Short descriptive text snippets:
+---+
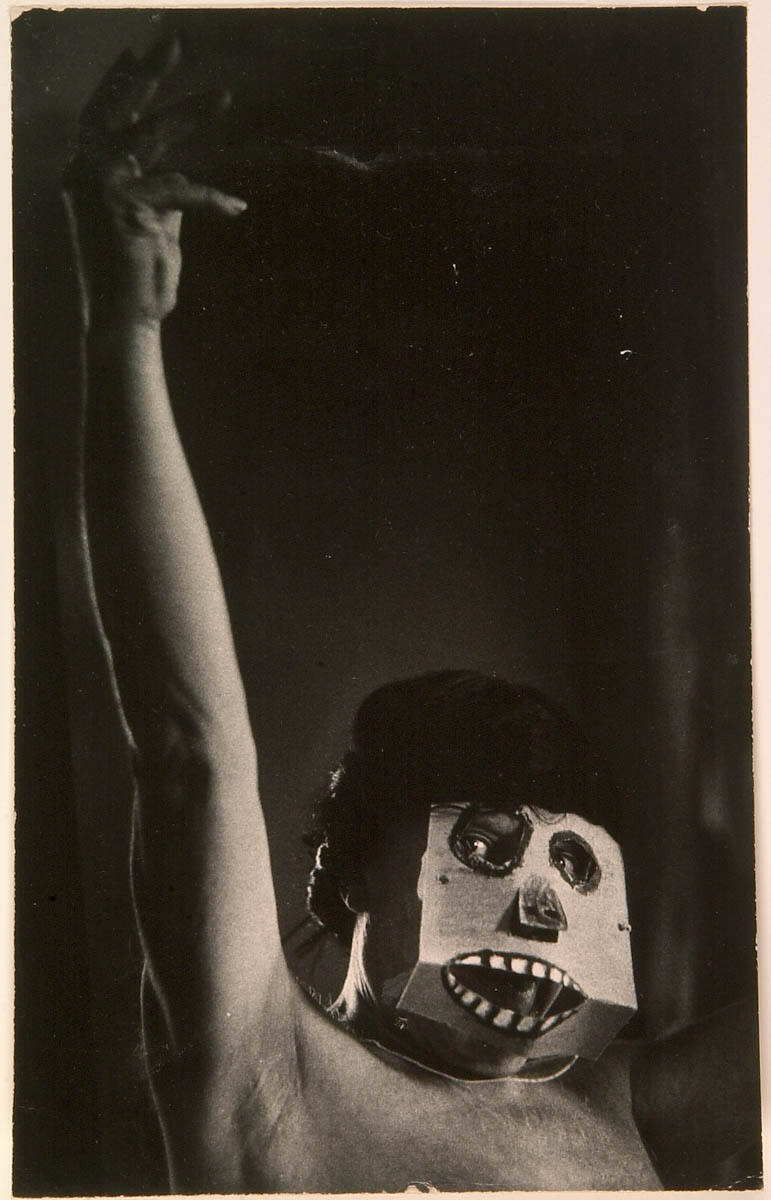 Picasso Wearing Cardboard Mask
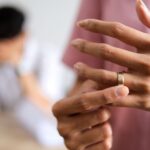 Faceless woman’s hands removing ring - difference between annulment and divorce - Kelly Jordan Family Law.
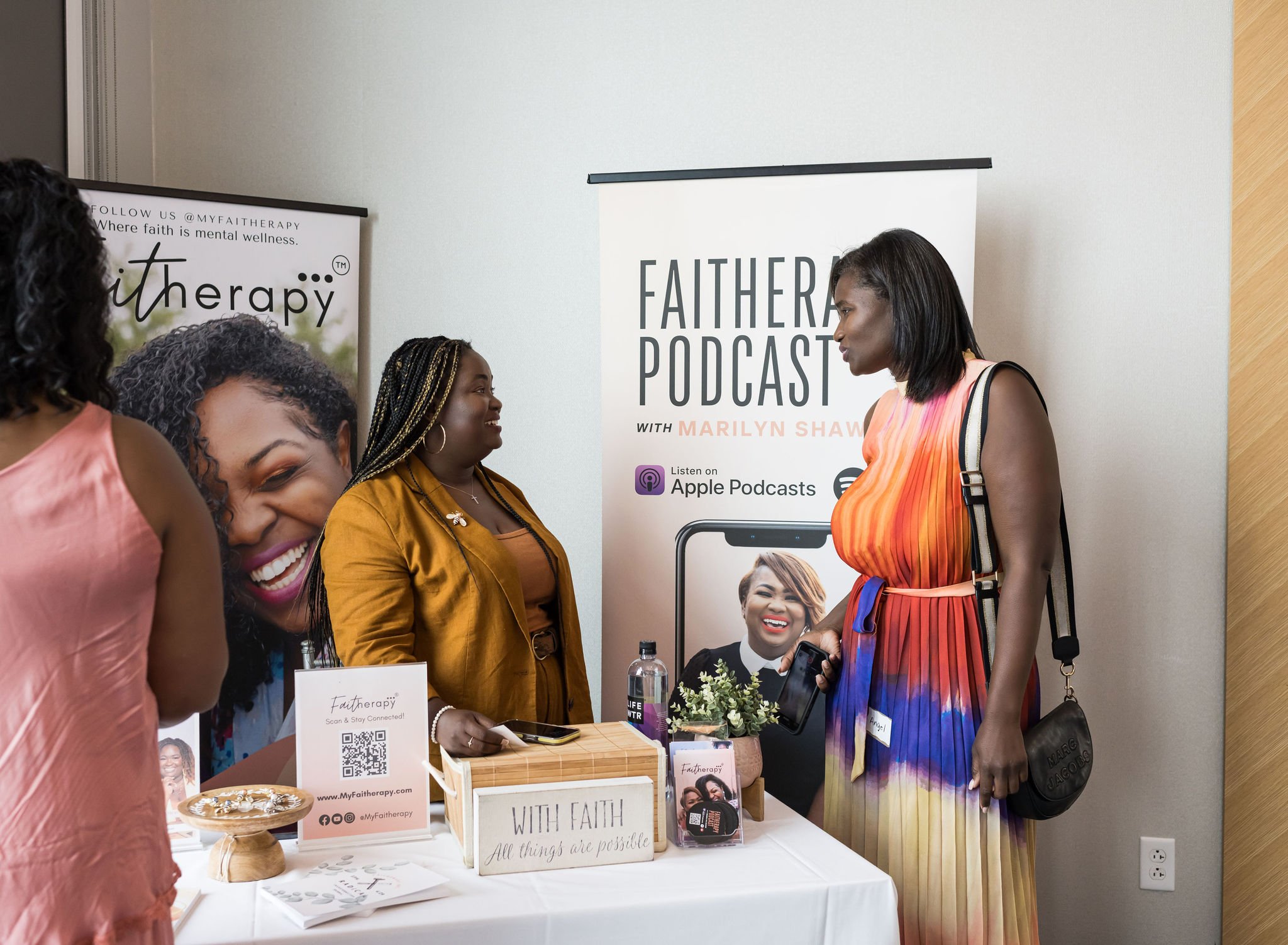 Two women engage in conversation at a podcast promotional booth featuring banners for "Faitherapy Podcast." A table displays promotional materials, and a sign reads, "With Faith, all things are possible." One woman wears a colorful dress, and the oth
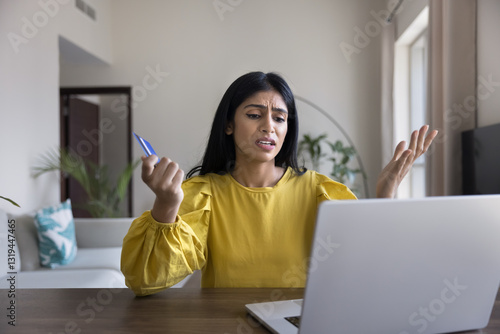 Indian woman looks at laptop screen with angry expression while holds card, try to make payment unsuccessfully, feels concerned due to additional fees or shipping costs during checkout, card limit
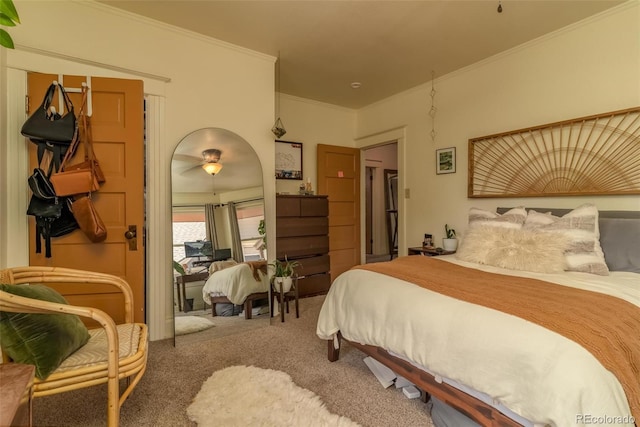 carpeted bedroom featuring crown molding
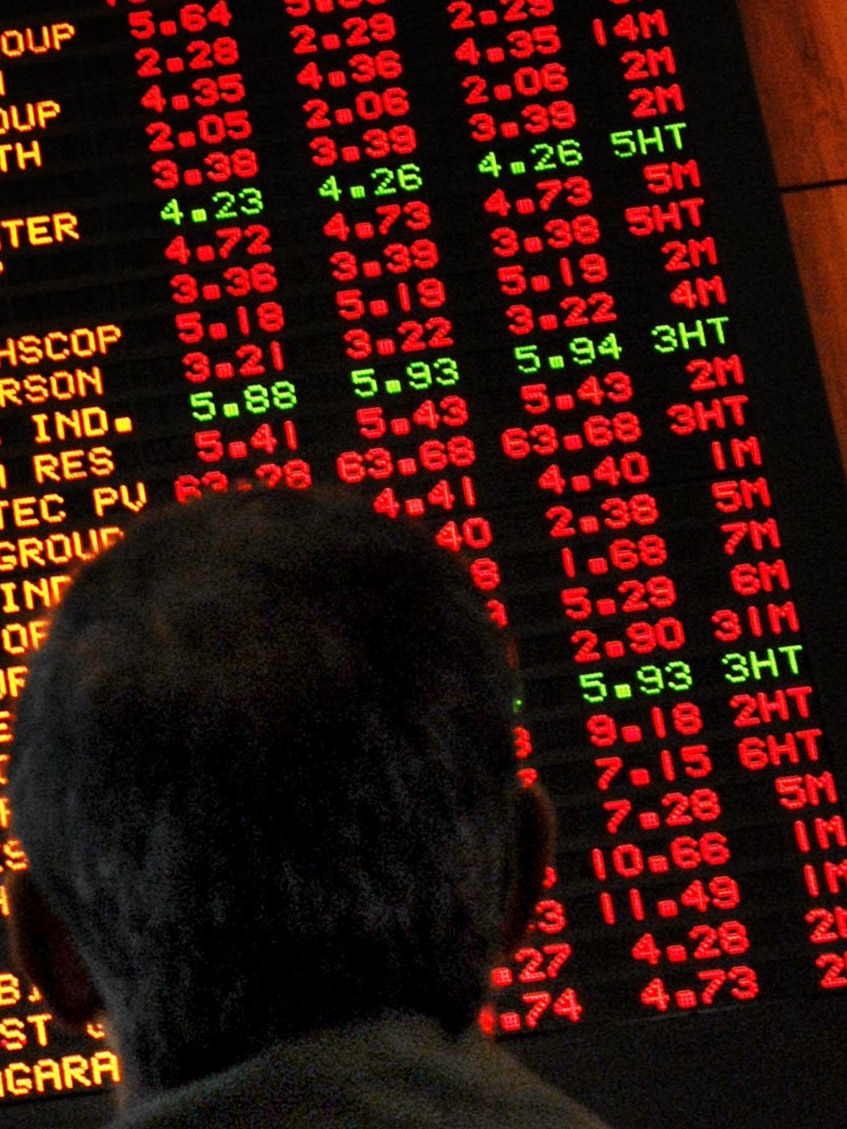 An investor watches the boards at the Australian Stock Exchange in August 2007. (AAP: Dean Lewins, file photo)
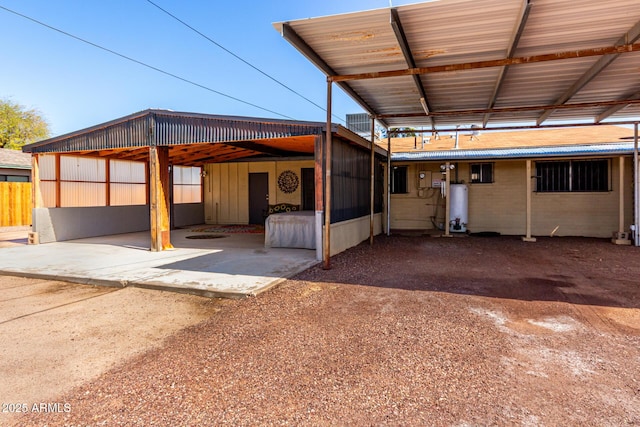 exterior space with a carport, fence, and water heater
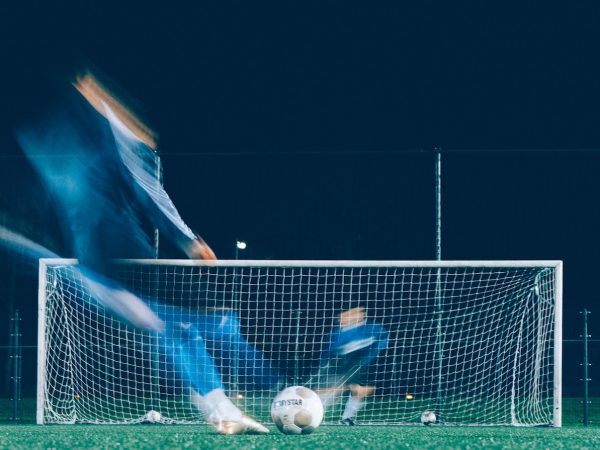 timelapse photo of soccer player kicking ball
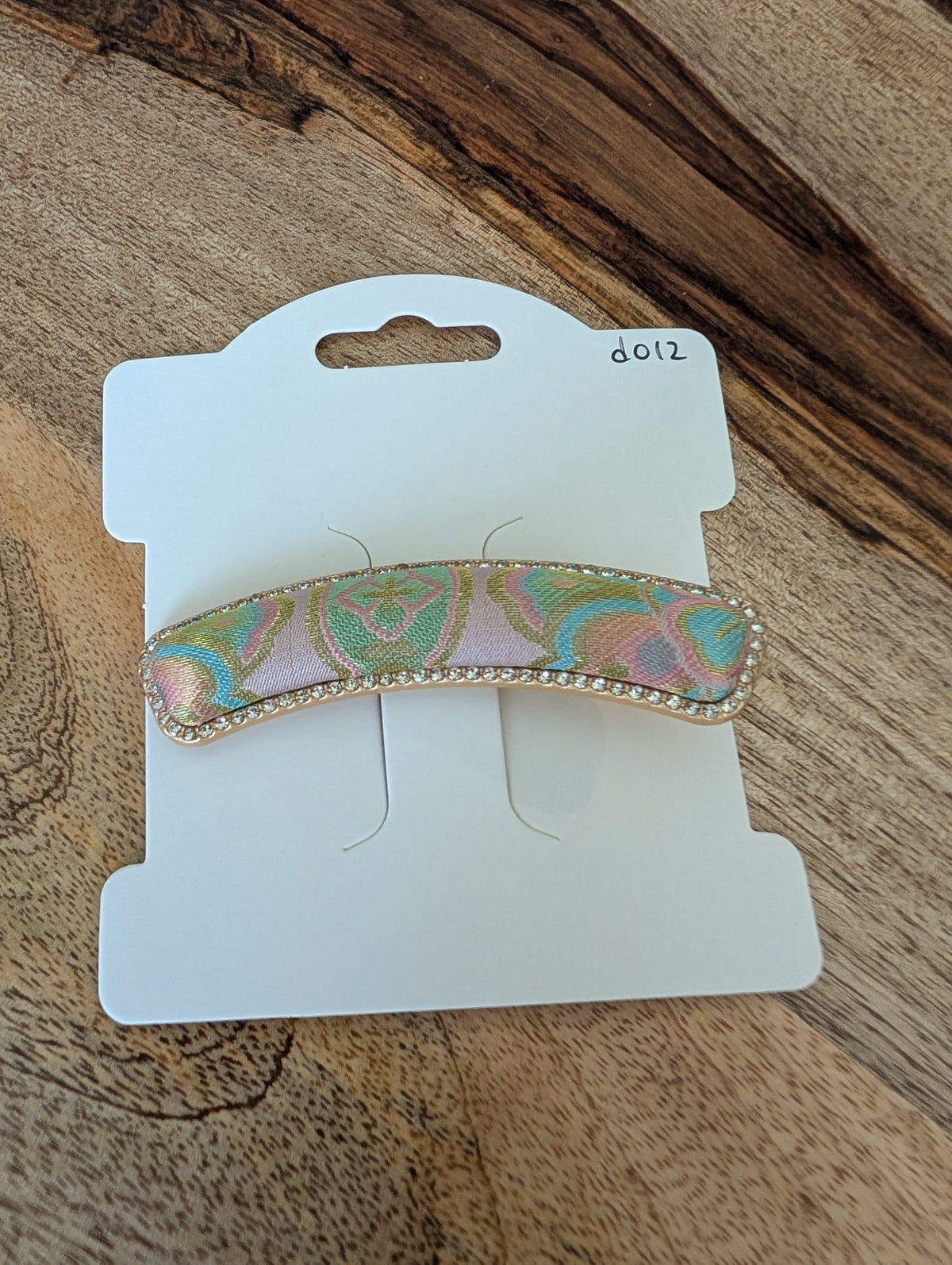 D012 - Rainbow Iridescent Song Brocade barrette on packaging card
+---+
### Exercise aim
Write out exactly the lines beginning with the line that holds "Faceless woman’s hands" and ending with the final line of the data, both ends included, without the pictures.

### Result of this task
 Faceless woman’s hands removing ring - difference between annulment and divorce - Kelly Jordan Family Law.
 Two women engage in conversation at a podcast promotional booth featuring banners for "Faitherapy Podcast." A table displays promotional materials, and a sign reads, "With Faith, all things are possible." One woman wears a colorful dress, and the oth
 Indian woman looks at laptop screen with angry expression while holds card, try to make payment unsuccessfully, feels concerned due to additional fees or shipping costs during checkout, card limit
 carpeted bedroom featuring crown molding
 An investor watches the boards at the Australian Stock Exchange in August 2007. (AAP: Dean Lewins, file photo)
 exterior space with a carport, fence, and water heater
 timelapse photo of soccer player kicking ball
 D012 - Rainbow Iridescent Song Brocade barrette on packaging card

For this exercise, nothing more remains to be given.